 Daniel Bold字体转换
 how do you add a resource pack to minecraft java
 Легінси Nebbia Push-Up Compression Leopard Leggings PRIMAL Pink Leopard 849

┄┄┄┄┄┄┄┄┄┄

• _What you are asked to do_: Copy every line of the data above exactly.

• _Result of this exercise_:
 Daniel Bold字体转换
 how do you add a resource pack to minecraft java
 Легінси Nebbia Push-Up Compression Leopard Leggings PRIMAL Pink Leopard 849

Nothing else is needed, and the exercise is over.